De cliënt die een klacht heeft over een gedraging van de aanbieder dient deze eerst in te dienen bij de aanbieder. Deze cliënt moet er op kunnen vertrouwen dat de aanbieder de klacht snel afhandelt, liefst zo informeel mogelijk. Als de cliënt niet tevreden is over het resultaat van de afhandeling kan de cliënt een klacht indienen bij de gemeente. De cliënt kan de procedure terugvinden op de websites van de aanbieder en de gemeente. Verder is bij het Loket Samenleving een brochure beschikbaar waarin de klachtenprocedure staat beschreven.
Dit artikel geeft uitvoering aan artikel 2.1.3, tweede lid, onder f, van de Wmo 2015, waarin is bepaald dat in ieder geval moet worden bepaald ten aanzien van welke voorzieningen een regeling voor medezeggenschap van cliënten over voorgenomen besluiten van de aanbieder welke voor de gebruikers van belang zijn, vereist is.

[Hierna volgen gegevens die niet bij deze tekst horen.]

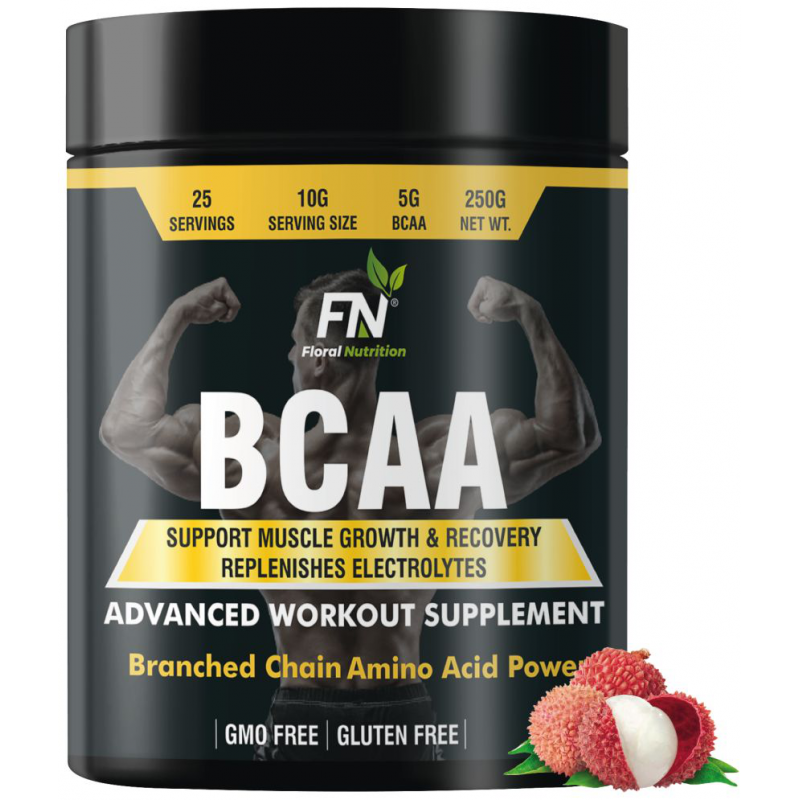 Floral Nutrition BCAA Protein Supplement of Muscle Growth lychee 250 gm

In dit artikel gaat het dus om medezeggenschap van cliënten tegenover de aanbieder. Voorheen moest de aanbieder voldoen aan de in de Wet klachtrecht cliënten en de Wet medezeggenschap cliënten zorginstellingen (Wmcz) gestelde regels. Onder de Wmcz werd inspraak tegenover de aanbieder reeds verwezenlijkt via de cliëntenraad. Onder de Wmo 2015 is het stellen van regels geheel aan gemeenten overgelaten.
In het eerste lid is dit uitgewerkt door te bepalen dat aanbieders van maatwerkvoorzieningen dienen te beschikken over een effectieve regeling van medezeggenschap voor cliënten over voorgenomen besluiten van de aanbieder die van invloed zijn op de aan cliënten aangeboden voorzieningen.
In het tweede lid is een aantal instrumenten voor het college aangegeven om te zorgen dat de verplichting tot medezeggenschap door aanbieders goed wordt uitgevoerd.
Artikel 21 Betrekken van ingezetenen bij het beleid
Dit artikel geeft uitvoering aan artikel 2.1.3, derde lid, van de Wmo 2015.
Met het derde lid wordt het aan het college overgelaten om de exacte invulling van de medezeggenschap vorm te geven.